(E) Albay ÖZNUR YILMAZ yazdı: "Teğmenlerin Atılması… TSK’daki Atatürkçü Subaylara Gözdağı mı?.."

-Aşağıdaki metinde koyu renk ile belirtilmiş bütün cümleler, BAŞKOMUTAN GAZİ MUSTAFA KEMAL ATATÜRK’ün kaleme aldığı “Zabit ve Kumandan ile Hasbihal-Subay ve Kumadan ile Sohbet- ” Kitabından alıntıdır.-

Önce…

10 Kasım 2023…. Tuzla Piyade Okulu’nda Atatürk’ü Anma Töreni’nde neler oldu?

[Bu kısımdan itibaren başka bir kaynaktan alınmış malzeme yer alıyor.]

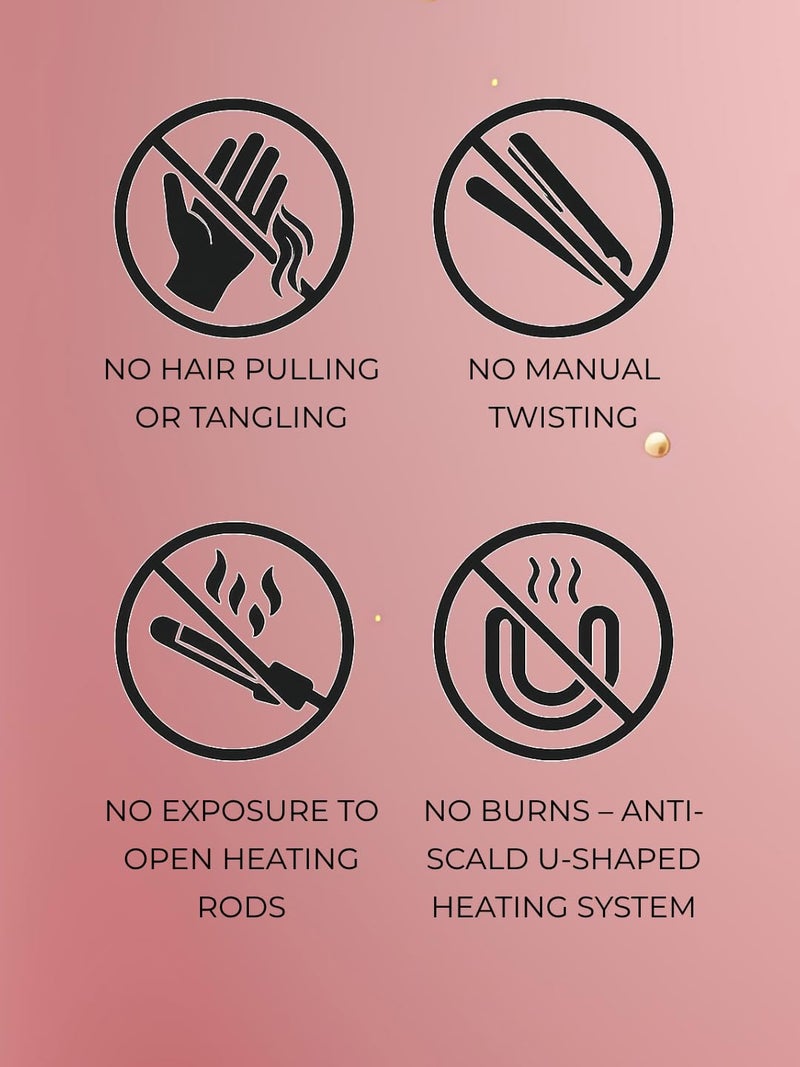 Ktein جهاز كتين لتجعيد الشعر الأوتوماتيكي | تصفيف شعر سهل مع درجة حرارة قابلة للتعديل وتصميم دوار سلس للحصول على تجعيدات مثالية لجميع أنواع الشعر - Image 4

Törende bir teğmen iğne bulamaz!

…Ve Atatürk rozetini yakasına takmaz!

Bu teğmen, bazı silahdaşları tarafından hemen uyarılır.

Teğmenler arasında bir iğne bulunamaması! İle başlayan tartışmalar, WhatsApp mesajlarına taşınır.

…Ve iğne bulamayan! Teğmen ile ona tepki veren teğmenlerin TSK’dan ilişiği kesilir. Komutanlarının ise görev yerleri değişir.

*

İĞNEYİ KENDİMİZE ÇUVALDIZI BAŞKASINA BATIRALIM!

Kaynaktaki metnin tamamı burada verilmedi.